Can't afford the Hugo 2? Chord have a very long history, with a huge product line - including such magnificent specimens as the Hugo's predecessor, the Dave. (Yes, they called it Dave). For a budget-friendly experience, try the Mojo. At $536, it's a fifth of the price of the Hugo, and is designed to be both easy-to-use, and portable. In these aspects, it actually beats the Hugo, thanks to its diminutive size. In his review, our writer Niko said, "There is a running joke among music producers that they are never able to hear 'that' sound again after leaving the audio mastering suite (the place where only the pair of speakers are worth $100K). The Mojo kicks up a very close second place to that scenario in our opinion, and for the price bracket, it really gives an astounding performance." Since his review, Chord has released the Poly, an add-on module for the Mojo that turns it into a music streamer, and makes it an even more attractive proposition. If that sounds good to you, you're going to have a lot of fun here.

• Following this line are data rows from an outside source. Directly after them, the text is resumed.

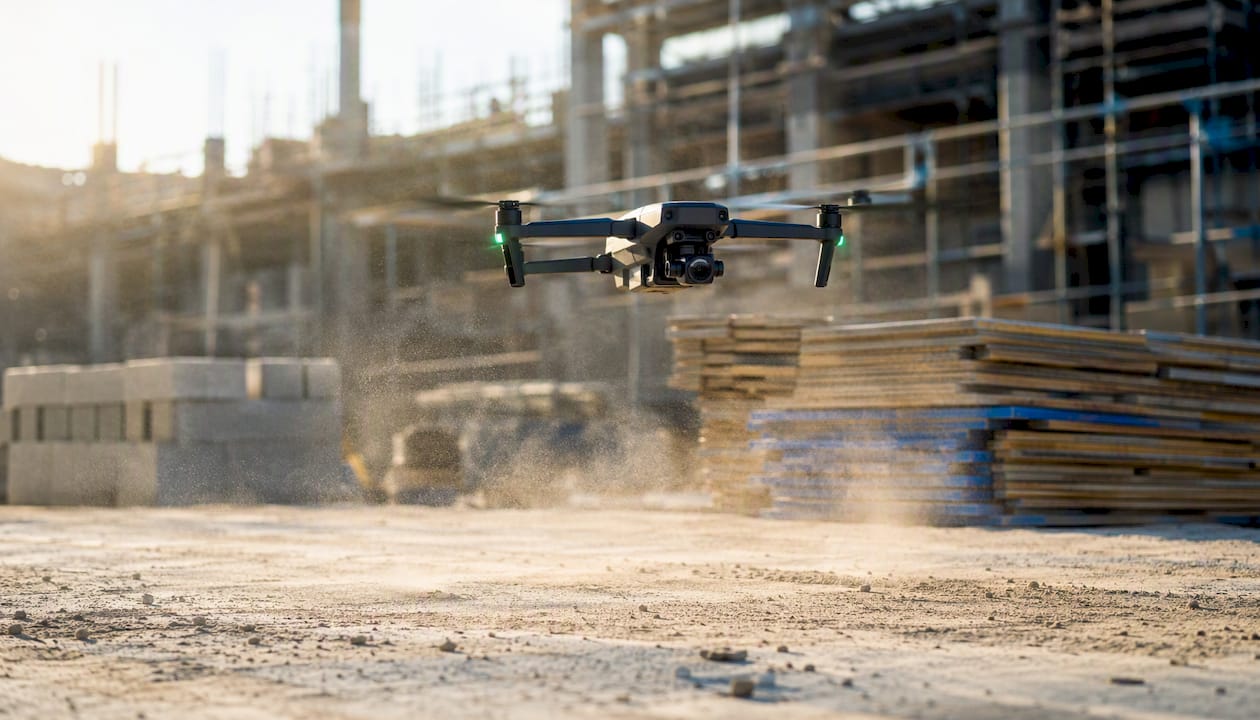Un drone si alza in volo all’interno di un cantiere edile.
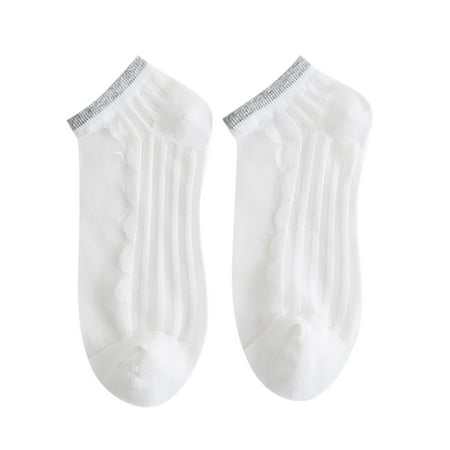 

Tulle Pearl Summer Socks Women Transparent Lace Elastic Ultra Thin Silk Stockings Short Nylon Calcetines Meias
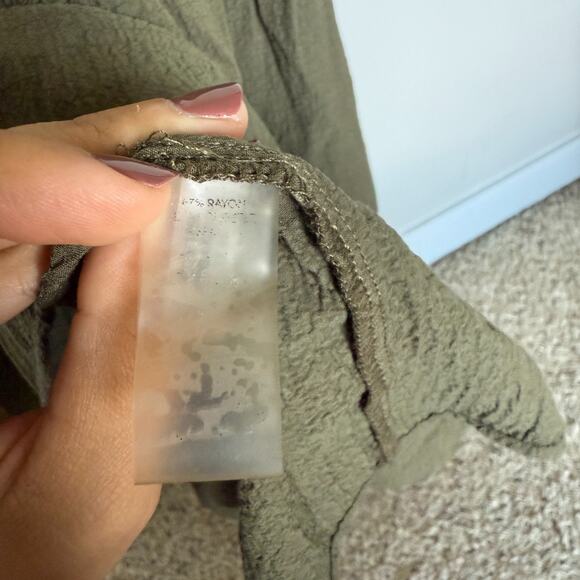 Calvin Klein Womens Dress Medium Green Flutter Sleeve Gauze Cottagecore Peasant - Picture 6 of 8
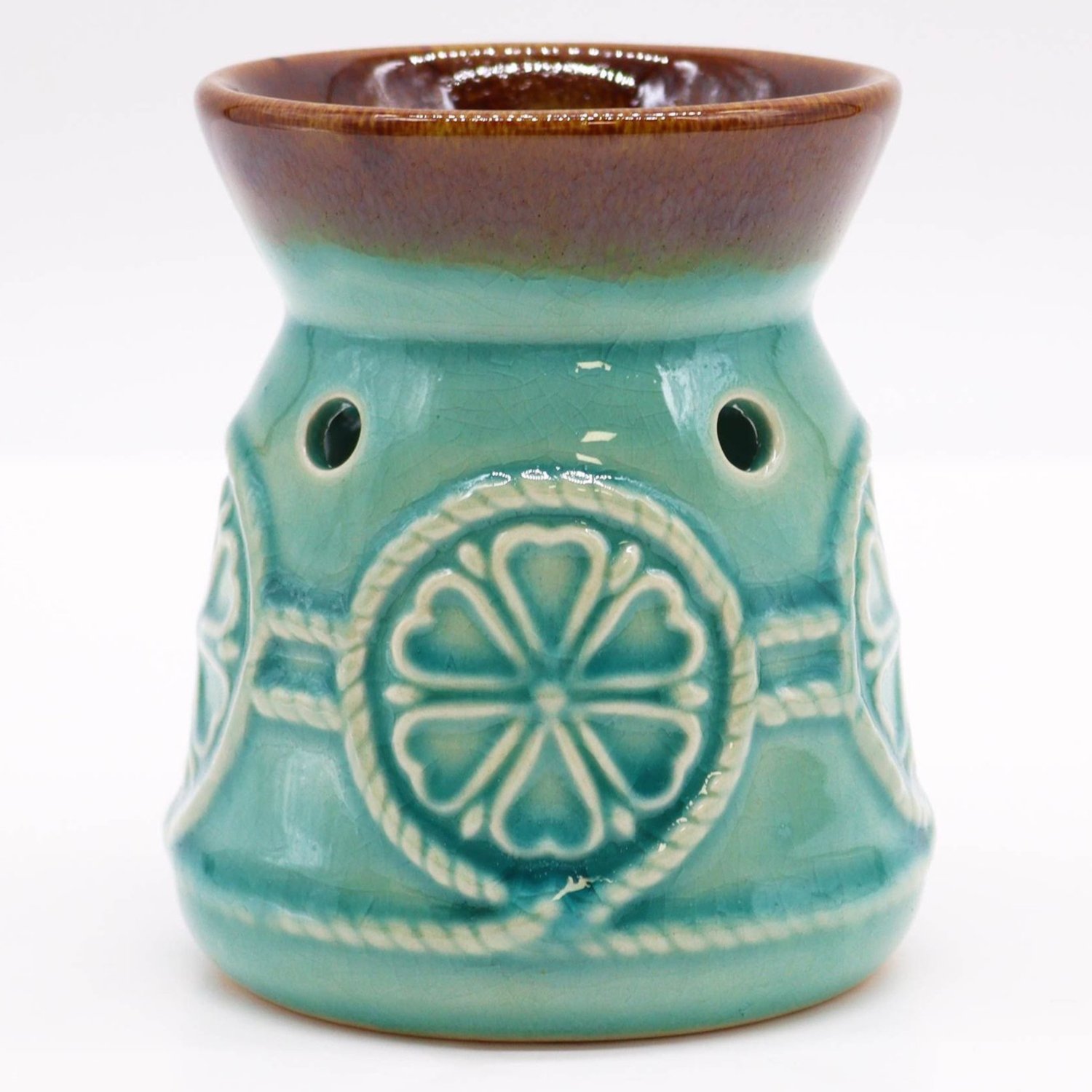 CDes-23 Ancient Wisdom Classic Ceramic Spa Burner – Turquoise Ancient Wisdom Classic Ceramic Spa Burner – Turquoise - Image 1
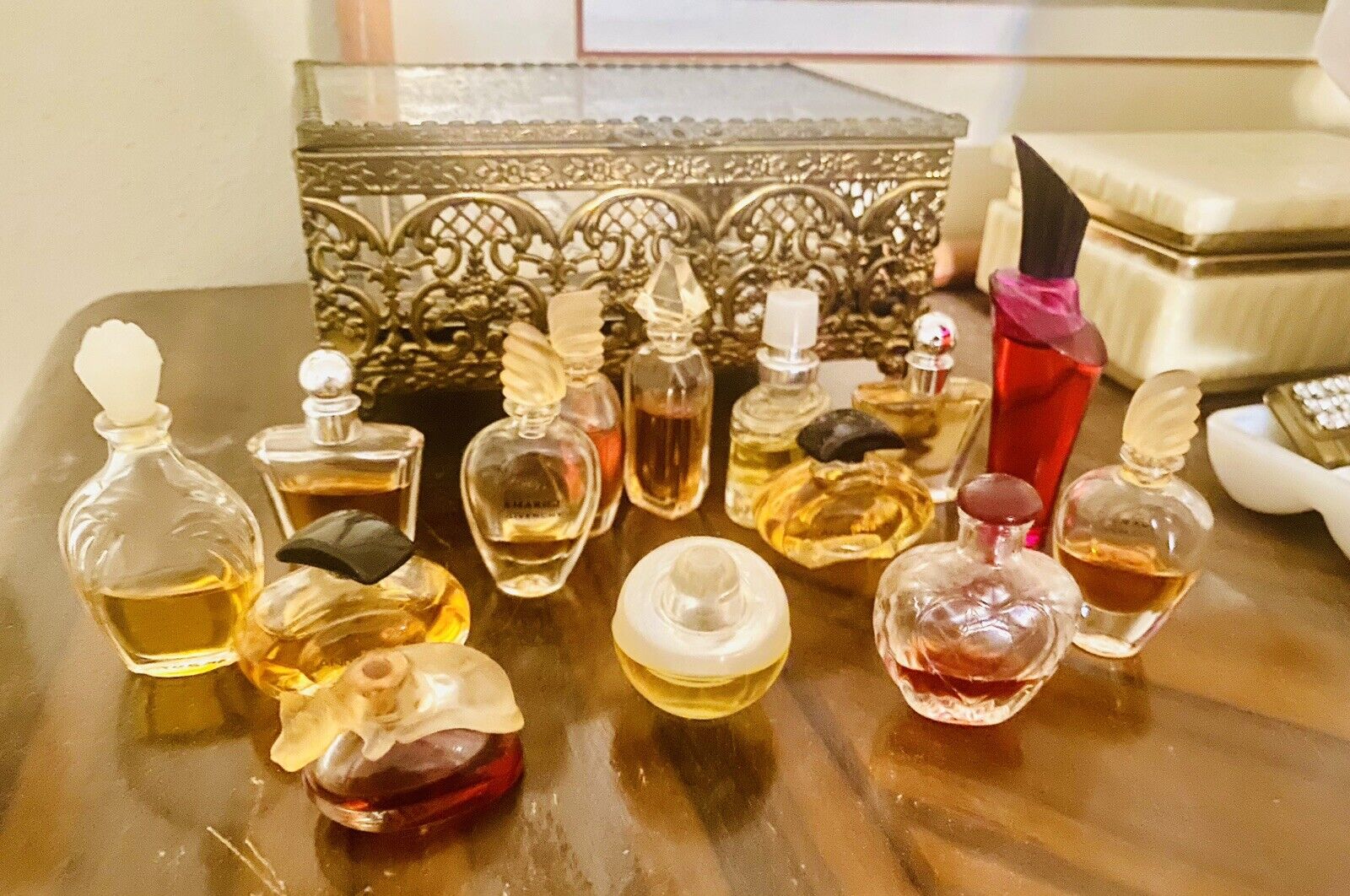 Vintage Perfume 14 Bottles Sample Asst Brands Lot Givenchy
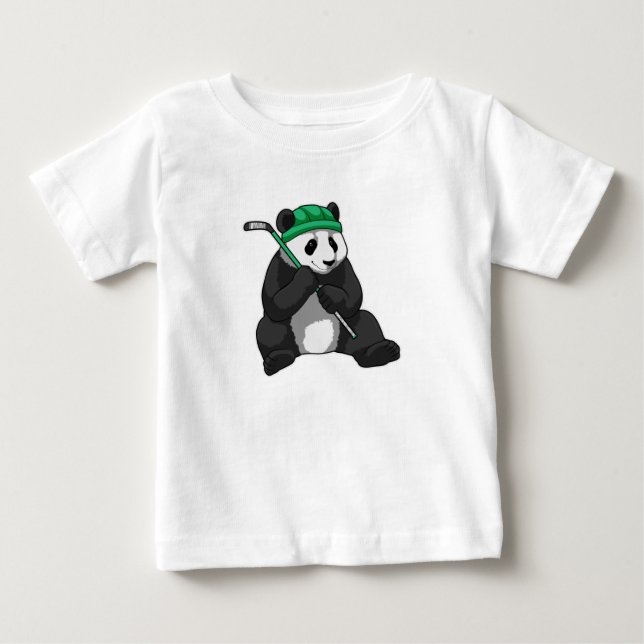 Panda beim Eishockey mit Eishockeyschläger Baby T-shirt (Vorderseite)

A last word on the Hugo 2. DACs can be the most boring pieces of gear in the world - something that even audiophiles will only buy under protest. The Hugo 2 is different. It's an idiosyncratic, colorful, weird, wonderful explosion, that sets out to do absolutely everything, and largely succeeds. We adored it - and if you have the cash to spend, we guarantee you will too.